The First Army, under General K. A. N. Anderson, had advanced another ten miles in the previous four days from Medjez-El-Bab, an additional five to six miles from that reported on Thursday, placing them about 21 miles east of Tunis in the northern sector.

General Patton's northern column, along with a French battalion, secured Pichon, north of Fondouk, threatening Rommel's rear, 80 miles northwest of Sfax.

In a message to the Eighth Army, General Montgomery indicated that three goals established on March 20 had been accomplished: to break the Mareth Line, done between March 21 and 28; to breach the Gabes Gap, unflinchingly accommodated on April 6; and to move against Sfax, then in process on the date of the announcement, April 8, now also obtained. The overall goal, said the short note, was to wreak havoc with the enemy as the enemy had with the British at Dunkerque in late May and early June, 1940, to drive them onto the beaches at Tunis and then for a desperate swim for their lives back across the Mediterranean.

The Navy reported from Guadalcanal that the air attack of two days earlier by 98 Japanese planes, resulting in the shooting down of 34 of them by the air corps--apparently amended from the 37 indicated Thursday--, also cost the U. S. Navy four ships, a destroyer, a corvette, a tanker, and a fuel boat. The air corps lost seven planes. The losses increased the Allied shipping destruction to 39 vessels sunk in the operations in the Solomons since the landing on Guadalcanal and Tulagi August 7.

As there were men aboard these four ships who may have lost their lives, though not so reported, we refrain from any incidental pun between the loss of a corvette being reported the same day that Montgomery took Mahares from the Axis--that after the 66-mile offensive by Rommel from Faid Pass through Kasserine Pass during the third week of February. But it is interesting, at least, to sew together those somewhat disparate facts colliding nevertheless in time.

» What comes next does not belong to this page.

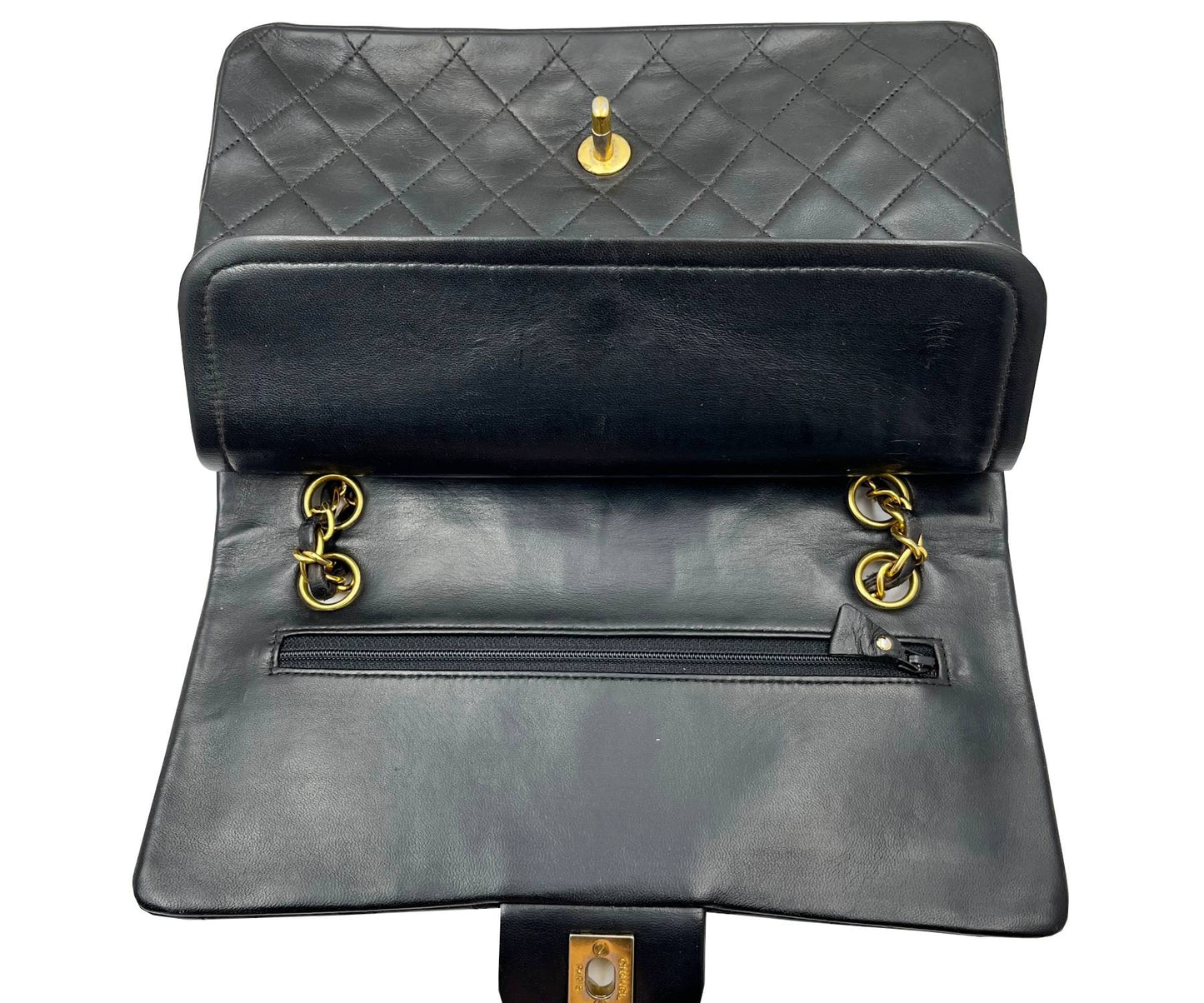 CHANEL Vintage Classic Timeless Double Flap Lambskin 10" Shoulder Bag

Somewhere off the coast of Key West, the first U-boat attack was recorded in several months in the vicinity of the east coast of the United States, when a merchant ship was struck and sunk by two German torpedoes, killing 40, including the captain and apparently all of the officers and nine enlisted Navy men keeping guard of the ship. Captain James Harrel of Houston, limping from a leg injury, had, in the few minutes between the first explosion and the ship's sinking, directed bravely the evacuation, before finally ordering everyone to jump as the vessel ducked under the waves. As the ship plummeted, the Captain simply turned and headed for the door to his cabin, then disappeared into the depths.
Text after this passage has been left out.